Meeting with reporters Thursday morning in Washington, Shays was a case study in anguish. His party botched the job in Iraq, and he’s lost his credibility and maybe his belief in the process. “I am struggling with my faith,” he said, declining to elaborate. Shays has come to this breakfast to regain his credibility, to convince his media inquisitors that he is not playing politics but is “an honest purveyor of what I see.” He is wrestling with his religious convictions as a Christian Scientist, and his partisan beliefs in a war that has gone badly.
Such agonizing is not new for Shays, who publicly pondered for weeks whether to impeach President Clinton before finally voting no, and who routinely struggles with how much he should reveal of what he learns in classified briefings. After one such briefing, he refused to allow his daughter to go to New York for New Year’s Eve and warned friends against flying to Europe. He worried about the ethics of preserving only the lives of his loved ones. Nothing happened, but what if it had? Shays is an unlikely member of today’s Republican Party, pro-choice, a dreamy philosopher by nature, chairman of the Arts Caucus and the Friends of Animals Caucus. Shays sought conscientious-objector status during the Vietnam War and served as a Peace Corps volunteer in the Fiji Islands. He agonized over the first gulf war, voting for it only after he “sorted it out” with the first President Bush. As for Iraq and the “epochal struggle” it represents, he says, “I’m 40 years older than when I was a conscientious objector. I have changed my views about needing to confront evil.”
Returning last month from his 14th trip to Iraq, Shays reluctantly concluded there had been no progress since the new government was installed in January, and that there wouldn’t be any unless the Iraqis were prodded. Some members of the Baghdad government were vacationing in Geneva while U.S. troops were getting shot at, he said with disgust. “Everything they said they were doing, they weren’t doing. It was all talk and no action.” What was he to do, he asked. Say everything is great? Instead he blew the whistle on the administration’s rosy talk. As a member of the House Committee on Homeland Security, he knows the administration has a secret plan, a timeline. “They call it a conditional timeline,” he said, and it’s been wrong so many times, “They would rather have you think they don’t have a plan than a plan that doesn’t work. What they expect to have by the end of the year is absurd,” he said.

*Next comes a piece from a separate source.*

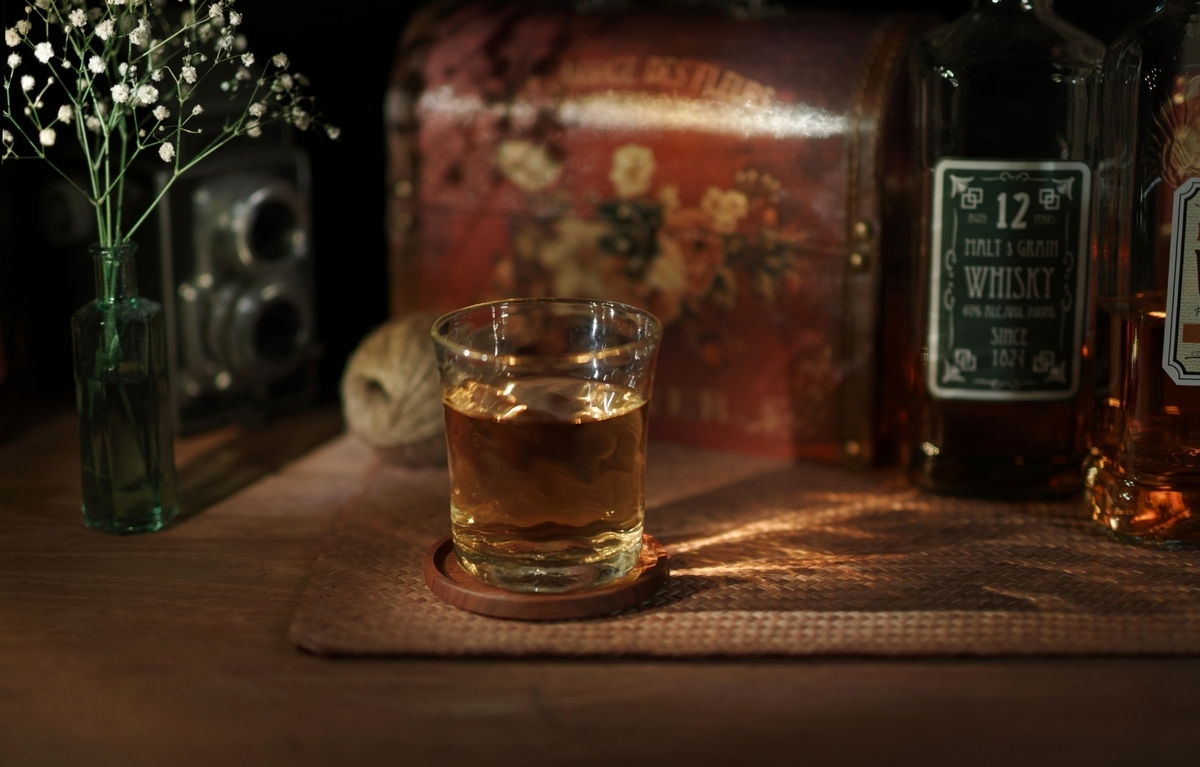 コースターの上のウイスキーグラスと周囲のボトルや小物を暖色光で写した卓上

The administration’s “conditional timeline” is classified, but its strategy of “standing up” the Iraqis so U.S. troops can withdraw is public knowledge. Shays is pressing the administration to give Congress a number of how many Iraqis it needs to reach that magic moment when American soldiers can begin to come home. “It’s a huge disconnect for me,” he says, that not one American has stepped down even though the administration says it has trained 124,000 Iraqis. “When they get up to the full complement of what they say they need, we’ll still have 150,000 troops in Iraq,” he predicts. “What they’ll say is things have gotten worse.” The administration owes Congress and the American people a realistic timeline, one that might call for more troops. “It’s clear they don’t have enough troops now,” he says.
Listening to Shays defending his position and his integrity for more than an hour is dizzying. It’s like being caught in a hall of mirrors. He wants to both support and condemn the Iraq war, his party and his president. He says Bush has “no credibility whatsoever,” beginning with the failure to find weapons of mass destruction in Iraq. But Shays calls the war “a noble mission,” and says he shares the president’s belief that “the only way to turn around the world is to help introduce democracy.” He can’t believe anyone would think he would make decisions about war and peace based on an election, yet he attributes political motives to Democrats who voted for the war, and who are now, three and a half years later, on the side of the critics. Hillary Clinton and others get a “free pass,” he complains, whereas he wants everybody to understand, win or lose, that he is speaking the truth. “I want my credibility,” he beseeches the scribes around the table. The journalists are a cynical bunch and aren’t buying all his moral rectitude; what isn’t clear yet is whether Connecticut voters will be more forgiving.